PROVIDED MATERIAL START
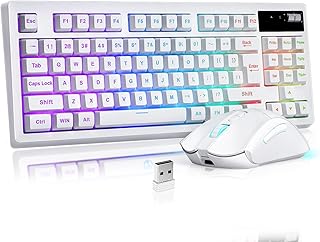 ZJFKSDYX C87 Wireless Gaming Keyboard and Mouse Combo, LED Backlit Rechargeable 3800mAh Battery, Mechanical Feel Anti-ghosting Keyboard + 7D 3200DPI Mice for PC Gamer(White)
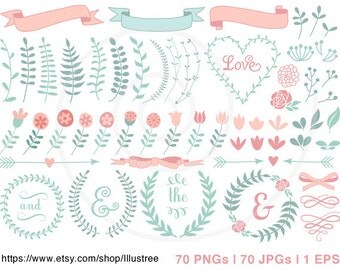 70 flower digital clipart, wedding clip art, hand-drawn laurel wreath, scrapbooking, spring, pastel, commercial use, PNG, EPS, SVG, download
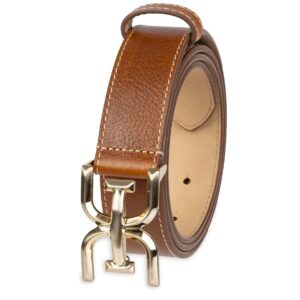 Sam Edelman Women's Slim Stitched Edge Double-E Plaque Buckle Belt, Saddle, Medium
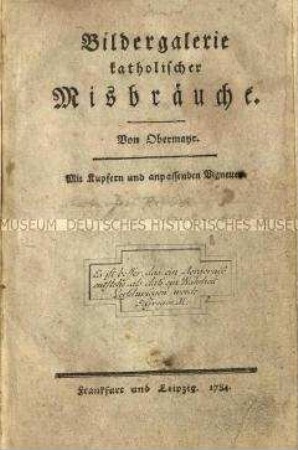 Schrift über die katholischen Mißbräuche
PROVIDED MATERIAL END
WHAT THE EXERCISE ASKS: Exclude all pictures and return precisely the lines from the one containing "70 flower digital" through the closing line of the data.

EXERCISE RESPONSE:
 70 flower digital clipart, wedding clip art, hand-drawn laurel wreath, scrapbooking, spring, pastel, commercial use, PNG, EPS, SVG, download
 Sam Edelman Women's Slim Stitched Edge Double-E Plaque Buckle Belt, Saddle, Medium
 Schrift über die katholischen Mißbräuche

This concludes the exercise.